§ Given information:
>>>

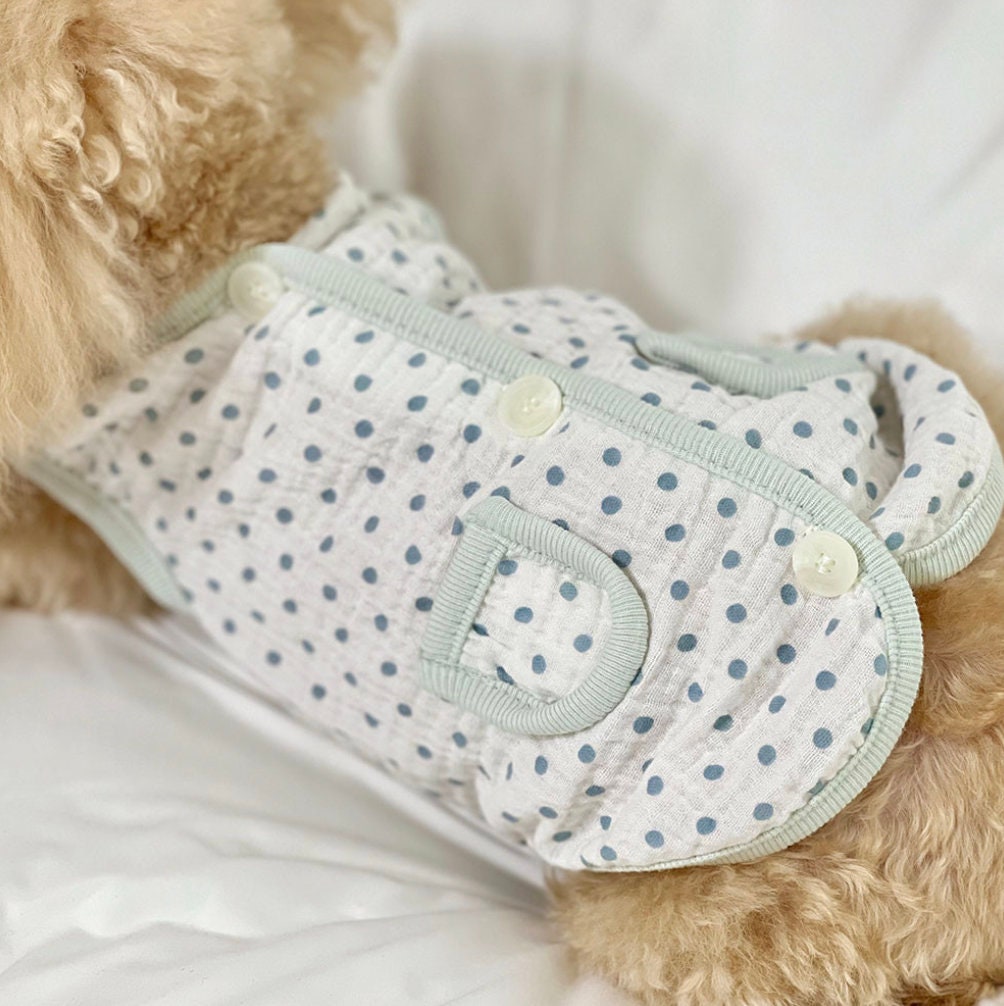 NKpup Polka Dot Crinkle Dog Vest in white with blue polka dots and light green trim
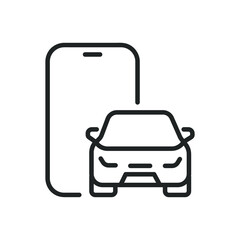 Obraz premium Mobile car thin line icons. Editable stroke and Perfect pixel on transparent background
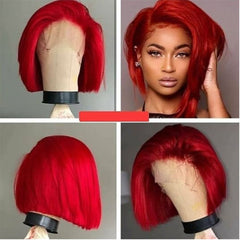 Red Straight  Lace Front Human Hair Wig Preplucked Hairline With Baby Hair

<<<

§ Task goal: Before copying the material, set its pictures aside; then transcribe it word for word.

§ Result:
 NKpup Polka Dot Crinkle Dog Vest in white with blue polka dots and light green trim
 Obraz premium Mobile car thin line icons. Editable stroke and Perfect pixel on transparent background
 Red Straight  Lace Front Human Hair Wig Preplucked Hairline With Baby Hair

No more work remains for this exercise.